Er war Mystiker, aber sein Mystizismus war hell und human; sein mystisches Gefühl speiste sich aus der Literatur, was in ihm die Liebe zur Symbolisierung weckte, die er dann nicht selten zu Übertreibung und ins Extreme trieb.[2] Viele seiner Zeitgenossen hoben seine dichterische Begabung hervor. Besonders Derschawin war von seinem Werk „hingerissen“, Krylow schrieb im Jahre 1822 über das „Eigenmächtige und Ungebändigte“ des „Genies Bobrow“, Küchelbecher sprach von der „Erhabenheit“ seines Talents, und Gribojedow schließlich schärfte seine eigene künstlerische Meisterschaft, indem er das bekannte „Taurien...“ immer und immer wieder las.[3]

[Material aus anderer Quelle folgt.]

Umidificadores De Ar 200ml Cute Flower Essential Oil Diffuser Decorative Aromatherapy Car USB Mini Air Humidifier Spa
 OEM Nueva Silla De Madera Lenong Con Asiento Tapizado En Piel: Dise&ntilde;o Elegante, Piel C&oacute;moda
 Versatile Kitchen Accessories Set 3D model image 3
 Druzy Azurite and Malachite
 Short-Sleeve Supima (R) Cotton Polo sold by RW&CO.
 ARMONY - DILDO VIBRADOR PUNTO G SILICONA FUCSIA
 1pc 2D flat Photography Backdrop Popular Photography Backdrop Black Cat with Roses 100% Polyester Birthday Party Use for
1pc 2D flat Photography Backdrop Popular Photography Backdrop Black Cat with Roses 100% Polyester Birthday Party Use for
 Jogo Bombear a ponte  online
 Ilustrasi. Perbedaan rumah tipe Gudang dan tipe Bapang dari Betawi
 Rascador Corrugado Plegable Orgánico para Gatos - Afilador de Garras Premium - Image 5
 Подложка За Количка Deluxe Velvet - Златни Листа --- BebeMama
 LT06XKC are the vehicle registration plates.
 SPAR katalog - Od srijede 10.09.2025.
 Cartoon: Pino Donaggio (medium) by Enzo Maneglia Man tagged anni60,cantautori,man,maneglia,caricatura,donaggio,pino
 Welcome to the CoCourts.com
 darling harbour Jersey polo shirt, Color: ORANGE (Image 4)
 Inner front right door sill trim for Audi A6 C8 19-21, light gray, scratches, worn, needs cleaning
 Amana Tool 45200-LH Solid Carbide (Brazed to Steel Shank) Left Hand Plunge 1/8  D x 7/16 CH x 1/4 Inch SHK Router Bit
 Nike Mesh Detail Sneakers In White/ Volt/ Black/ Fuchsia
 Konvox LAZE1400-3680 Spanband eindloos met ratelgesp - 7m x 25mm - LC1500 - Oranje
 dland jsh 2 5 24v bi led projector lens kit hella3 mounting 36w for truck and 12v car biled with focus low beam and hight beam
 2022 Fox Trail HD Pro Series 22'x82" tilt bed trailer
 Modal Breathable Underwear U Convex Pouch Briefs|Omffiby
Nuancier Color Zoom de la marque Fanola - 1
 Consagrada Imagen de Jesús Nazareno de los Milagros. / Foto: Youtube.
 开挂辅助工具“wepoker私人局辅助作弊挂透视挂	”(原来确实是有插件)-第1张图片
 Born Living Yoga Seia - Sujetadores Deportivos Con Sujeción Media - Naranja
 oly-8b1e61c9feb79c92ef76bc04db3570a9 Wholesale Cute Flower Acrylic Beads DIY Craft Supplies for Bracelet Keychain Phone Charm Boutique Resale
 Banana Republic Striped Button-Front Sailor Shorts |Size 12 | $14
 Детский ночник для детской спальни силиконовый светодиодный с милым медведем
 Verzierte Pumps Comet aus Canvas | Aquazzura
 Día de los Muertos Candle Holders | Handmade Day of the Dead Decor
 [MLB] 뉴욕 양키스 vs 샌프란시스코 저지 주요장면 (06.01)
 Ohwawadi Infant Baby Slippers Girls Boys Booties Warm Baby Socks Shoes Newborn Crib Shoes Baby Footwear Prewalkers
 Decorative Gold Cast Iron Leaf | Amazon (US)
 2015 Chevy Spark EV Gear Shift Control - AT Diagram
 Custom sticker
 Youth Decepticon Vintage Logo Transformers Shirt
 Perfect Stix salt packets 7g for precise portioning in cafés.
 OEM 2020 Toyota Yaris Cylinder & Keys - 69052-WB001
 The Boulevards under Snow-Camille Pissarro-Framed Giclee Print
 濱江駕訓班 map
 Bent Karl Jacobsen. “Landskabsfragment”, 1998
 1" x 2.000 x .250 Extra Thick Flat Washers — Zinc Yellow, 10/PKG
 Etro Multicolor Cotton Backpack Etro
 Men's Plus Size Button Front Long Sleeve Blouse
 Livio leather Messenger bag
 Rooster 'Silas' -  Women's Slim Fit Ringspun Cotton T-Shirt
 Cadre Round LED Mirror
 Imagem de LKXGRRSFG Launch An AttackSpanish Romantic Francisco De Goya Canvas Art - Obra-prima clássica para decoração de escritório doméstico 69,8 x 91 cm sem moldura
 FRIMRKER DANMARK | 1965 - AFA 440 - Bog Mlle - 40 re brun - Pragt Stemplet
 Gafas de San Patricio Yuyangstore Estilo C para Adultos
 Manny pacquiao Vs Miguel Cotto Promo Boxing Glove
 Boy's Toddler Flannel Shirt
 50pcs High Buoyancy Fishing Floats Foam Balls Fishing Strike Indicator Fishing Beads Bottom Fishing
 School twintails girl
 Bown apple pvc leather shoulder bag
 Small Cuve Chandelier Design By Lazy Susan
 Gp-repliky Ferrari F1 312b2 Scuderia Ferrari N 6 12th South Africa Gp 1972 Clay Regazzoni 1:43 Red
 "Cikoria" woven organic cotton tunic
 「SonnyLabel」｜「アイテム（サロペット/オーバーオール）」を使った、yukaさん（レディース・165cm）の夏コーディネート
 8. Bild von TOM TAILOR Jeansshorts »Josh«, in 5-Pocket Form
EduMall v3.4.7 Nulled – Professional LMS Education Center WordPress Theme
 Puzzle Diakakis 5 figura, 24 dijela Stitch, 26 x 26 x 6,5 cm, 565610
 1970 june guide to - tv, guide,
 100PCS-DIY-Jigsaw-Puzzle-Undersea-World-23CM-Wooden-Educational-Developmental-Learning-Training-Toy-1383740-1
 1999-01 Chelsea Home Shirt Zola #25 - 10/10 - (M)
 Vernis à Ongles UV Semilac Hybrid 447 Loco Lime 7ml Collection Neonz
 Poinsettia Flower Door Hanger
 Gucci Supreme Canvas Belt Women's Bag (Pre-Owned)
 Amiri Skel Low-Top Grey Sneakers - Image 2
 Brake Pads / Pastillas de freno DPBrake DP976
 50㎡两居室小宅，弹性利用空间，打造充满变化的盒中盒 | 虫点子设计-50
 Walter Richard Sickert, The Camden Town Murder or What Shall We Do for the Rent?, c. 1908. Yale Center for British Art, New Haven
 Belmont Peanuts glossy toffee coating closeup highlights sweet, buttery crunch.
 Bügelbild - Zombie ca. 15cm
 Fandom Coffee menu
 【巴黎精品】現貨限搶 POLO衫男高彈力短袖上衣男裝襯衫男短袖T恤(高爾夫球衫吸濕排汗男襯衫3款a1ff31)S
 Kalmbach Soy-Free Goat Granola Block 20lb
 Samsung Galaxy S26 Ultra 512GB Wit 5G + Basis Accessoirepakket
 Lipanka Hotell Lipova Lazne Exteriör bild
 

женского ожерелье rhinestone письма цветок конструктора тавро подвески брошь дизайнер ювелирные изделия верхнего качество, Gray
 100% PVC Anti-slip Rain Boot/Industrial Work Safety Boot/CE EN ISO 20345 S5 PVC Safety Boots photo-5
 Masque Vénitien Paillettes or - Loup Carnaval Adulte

Neben solchen positiven Bewertungen gab es jedoch auch gänzlich entgegengesetzte: lange vor Wjasjemski, Batjuschkow und Puschkin erinnerte Radischtschew in seinem Gedicht „Bowa“ spottend an ihn. Die Zeitgenossen vermochten Bobrow nicht als Literaturtheoretiker mit gefestigten und sogar weitblickenden Einsichten zu würdigen. Zu seiner Zeit empfand Bobrow es schon als harten Kampf, den gewonnenen Gedanken angemessen und prägnant in Worte zu fassen. „Die Sprache ist leicht, aber wie trügerisch auch! Verliert sie doch nicht selten auf dem Weg durch unser Gehör ihre Richtigkeit...“ (russ.: «Язык легок, но сколь обманчив! Вещь, проходя чрез слух, нередко теряет правоту свою»). Beherzt prägte er Neologismen und erklärte: „Gewohnte und abgegriffene Bezeichnungen geben, so scheint es, dem Wort nicht jene Stärke und Kraft wie frische, kühne und quasi von patriotischer Begeisterung erfüllte“ (russ.: «Обыкновенные и ветхие имена, кажется, не придали бы слову той силы и крепости, каковую свежие, смелые и как бы с патриотическим старанием изобретенные имена»). Aus der Vielzahl der von ihm geprägten Worte, größtenteils umständlich-klobige Neuschöpfungen, haben jedoch einige Eingang in Alltags- und Literatursprache gefunden. Besonders gern verwendete er Slawismen, was ihm die Sympathie A.C. Schischkows zuzog und ihn zugleich zum Gespött der Karamsinisten machte. Er betonte, dass „der Reim nicht das wesentliche der Musik eines Gedichts ausmachen kann“ und oft „dem Ausdruck der schönsten Gefühle und bedeutendsten Gedanken Abbruch tut und fast immer der Seele die Dichtung zerstört“, wenn der Autor ihm die geringsten Zugeständnisse macht. Lange vor Benediktow, Balmont und den Symbolisten am Ende des 19. Jahrhunderts fühlte Bobrow die Sehnsucht nach den „unerhörten Klang“ und der „geheimnisvollen Sprache“ und sprach als erster von der Schönheit des Blankverses.[4]

Einzelnachweise

  1. Зайонц Л. О. Бобров // Словарь русских писателей XVIII века. — Вып. 1. — Л.: Наука, 1988. — С. 96—99.
  2. Р—в В. Бобров // Русский биографический словарь. — Т. 3: Бетанкур-Бякстер. — СПб., 1908. — С. 124—125.
  3. Минчик С. С. Грибоедов и Крым. — Симферополь: Бизнес-Информ, 2011. — С. 143, 184—186.
  4. Альтшуллер М. Г. С. С. Бобров и русская поэзия конца XVIII — начала XIX в. // Русская литература XVIII в. Эпоха классицизма. — М. — Л.: Наука, 1964. — С. 224—246.